Угрожаемая красным карандашом, литература опустилась в подтекст, как подводная лодка скрывает все тело под воду, выставив наверх лишь невинный глазок перископа:
что там делается? у нас все в порядке… о Господи! срочное погружение!
Писатель научился говорить читателю все, не говоря ничего, а читатель научился читать то, чего писатель и вовсе не писал. Литература развитого социализма явила и поныне не изученный образец высочайшего эзотерического искусства.
Редакторская работа уподобилась нырянию за жемчугом, который может скрываться в придонных раковинах – а может его там и не быть, кто его знает. В тихом омуте завелись черти, строящие редакторам носы и рожки. Писатель клал на стол патриотическую рукопись, и в каждой букве крылось по кукишу.
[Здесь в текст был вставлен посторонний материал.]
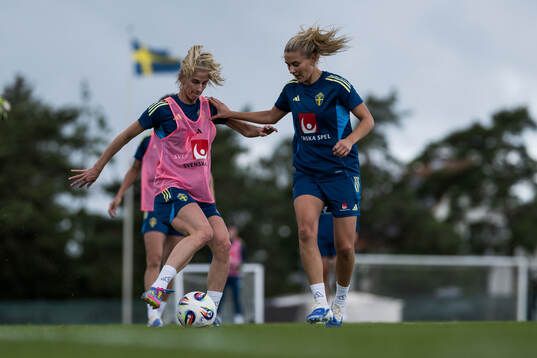 Sofia Jakobsson and Amanda Nildén of the Swedish women's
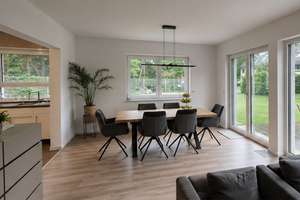 DAS PERFEKTE RAUMWUNDER !! Hochwertig ausgestattes Einfamilienhaus (KfW 55) mit großem Garten am See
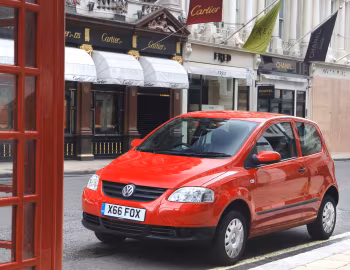 Volkswagen Fox [UK-spec] (Typ 5Z) '2005–11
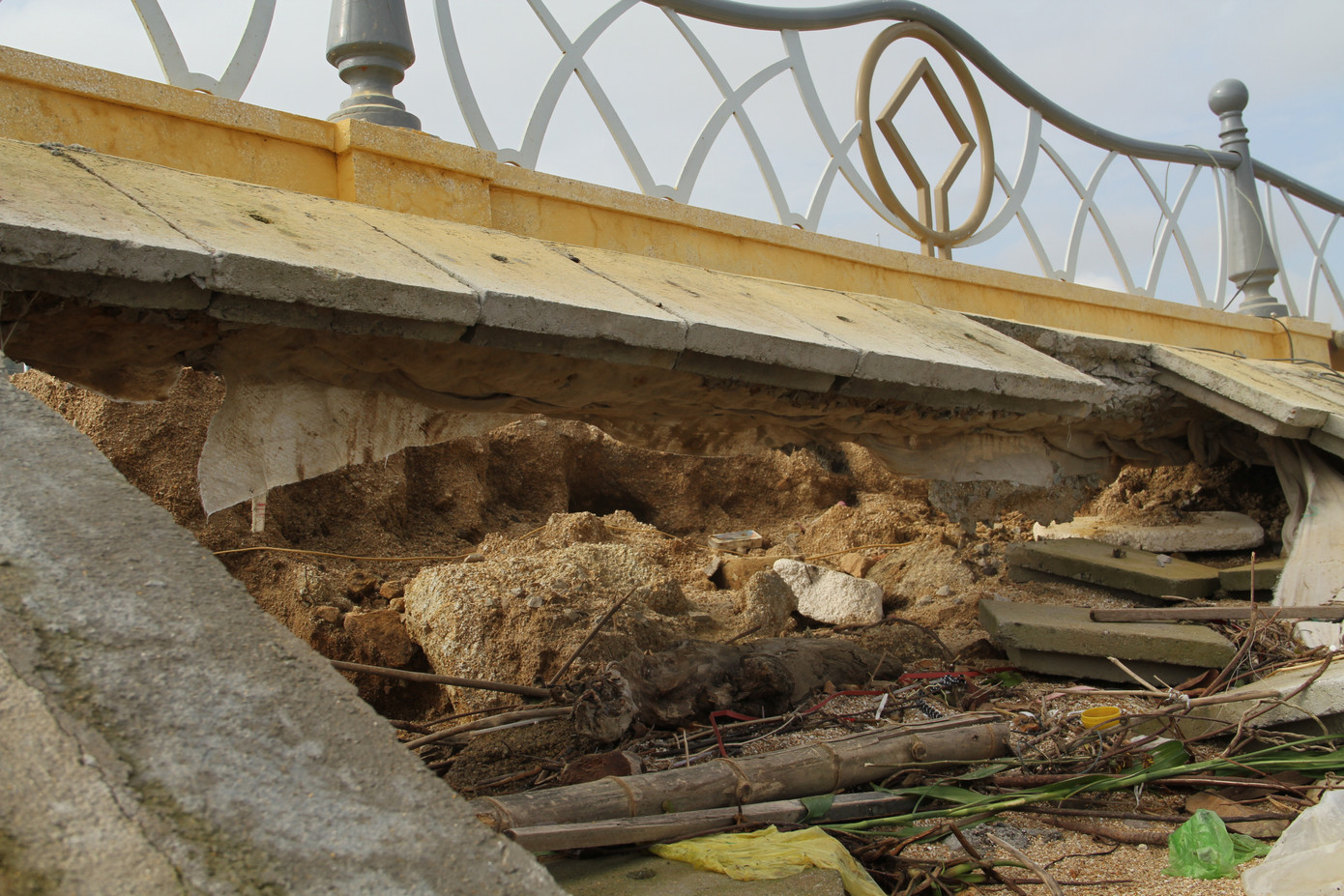 Kè 'chục tỷ' chưa bàn giao đã tan nát: Do bão? ảnh 2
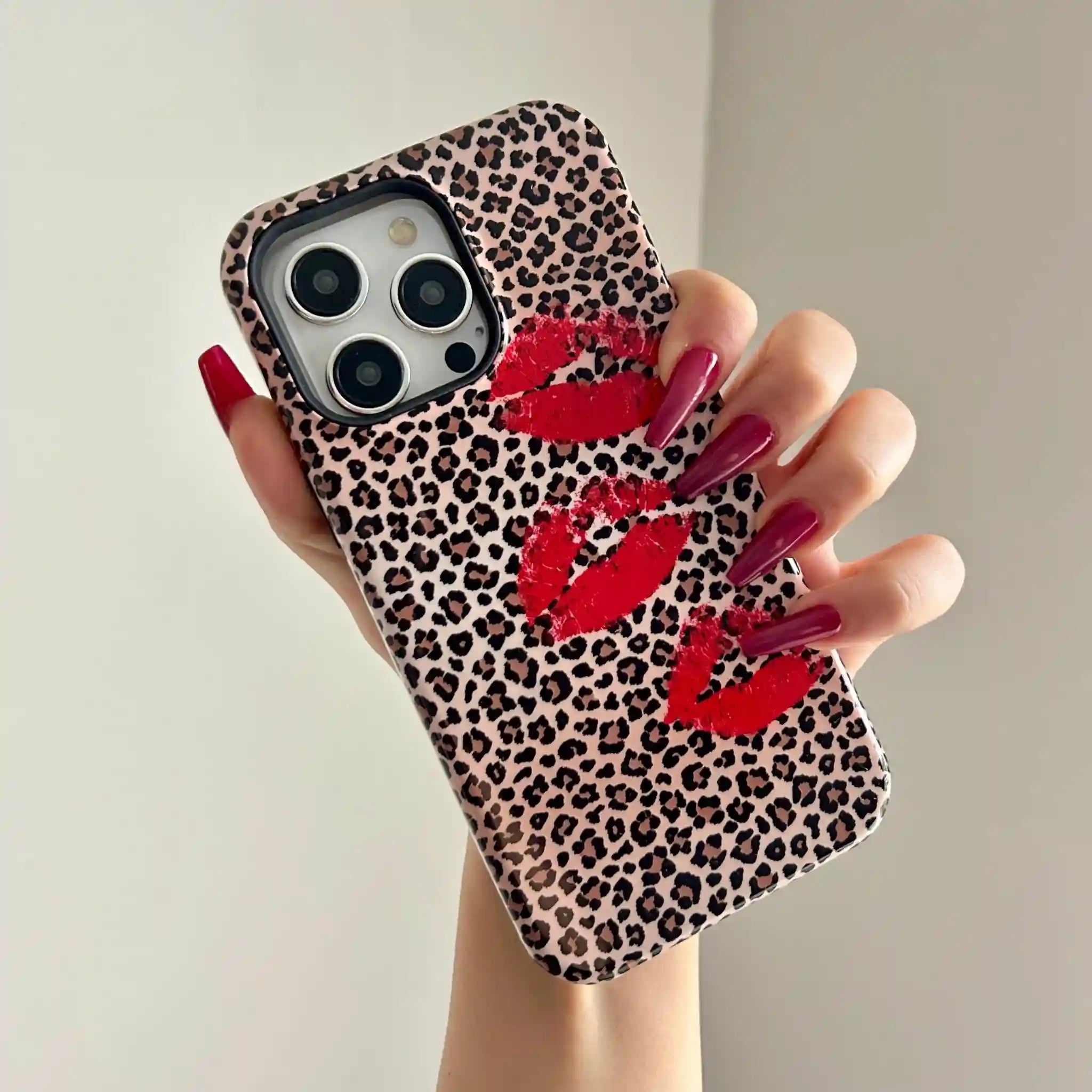 bluntcasesonline.com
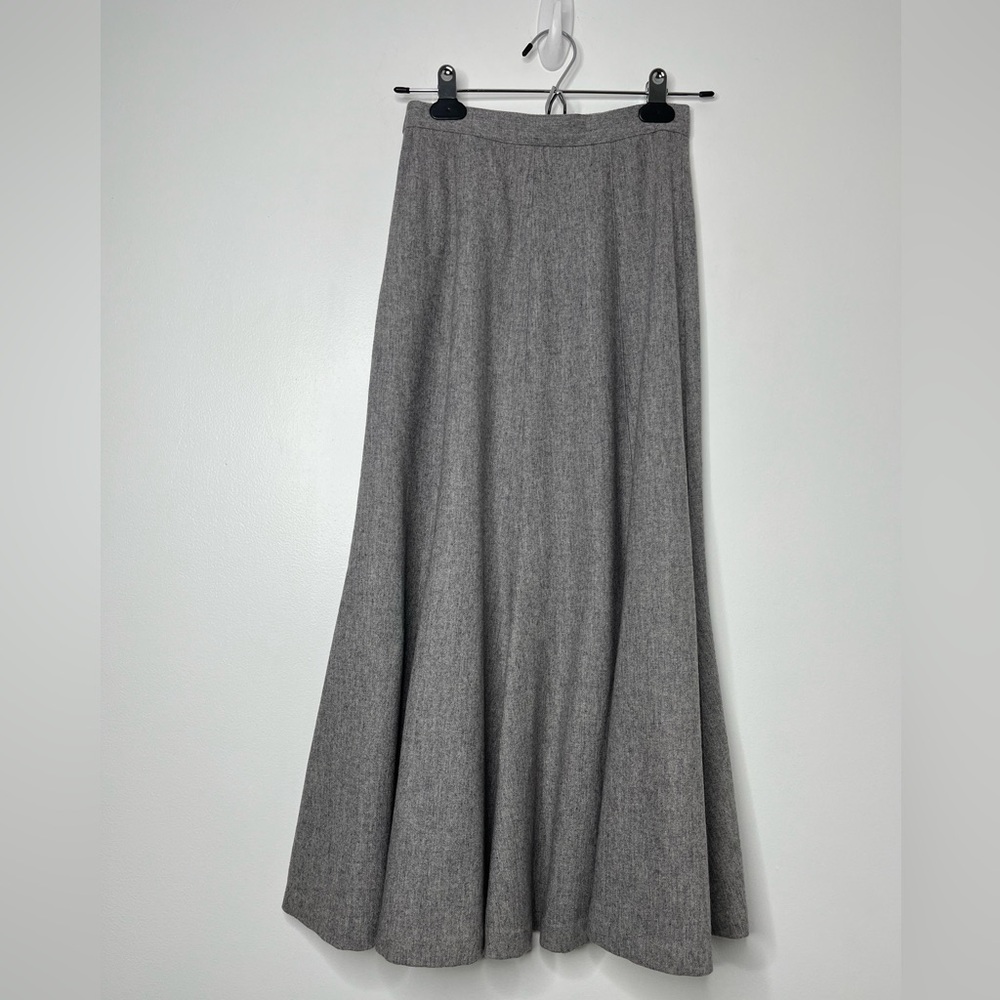 VINTAGE Liz Claiborne Gray Wool Flared Hem Skirt Sz 4 - Picture 5 of 6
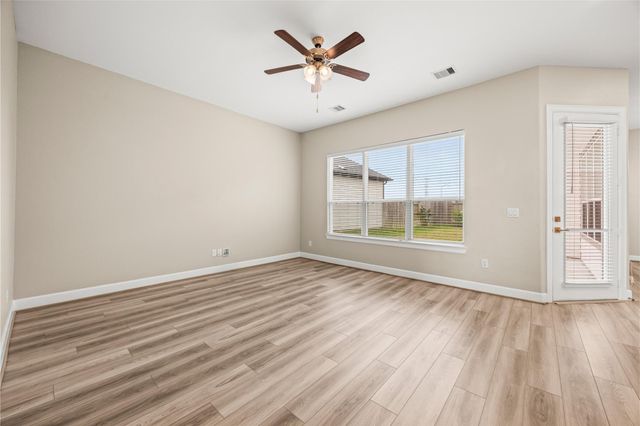 1314 Hidden Oaks Drive, Tomball, TX 77375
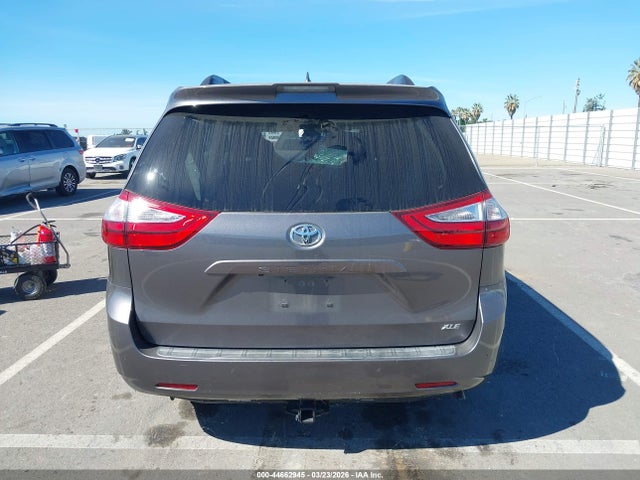 5TDYZ3DC1JS954916 Toyota Sienna Xle 8 Passenger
Несчастный и трудолюбивый редактор оказался вынужден профилактически пропалывать весь текст. «Дорожки» заменялись на «тропинки» и наоборот. «Крамер» превратился в «Ремарк», а «Живи с молнией» – в «Жизнь во мгле». Борьба с подтекстом превращала текст в перепаханное поле танковой битвы, где в квадратно-гнездовом порядке сажались питательная картошка и политически выдержанная красная гвоздика. Процедура редактирования заставила бы де Сада и Захер-Мазоха обняться и зарыдать от зависти. Ломались пальцы, головы, хребты, характеры и судьбы. Под хруст пили водку и лечили инфаркты.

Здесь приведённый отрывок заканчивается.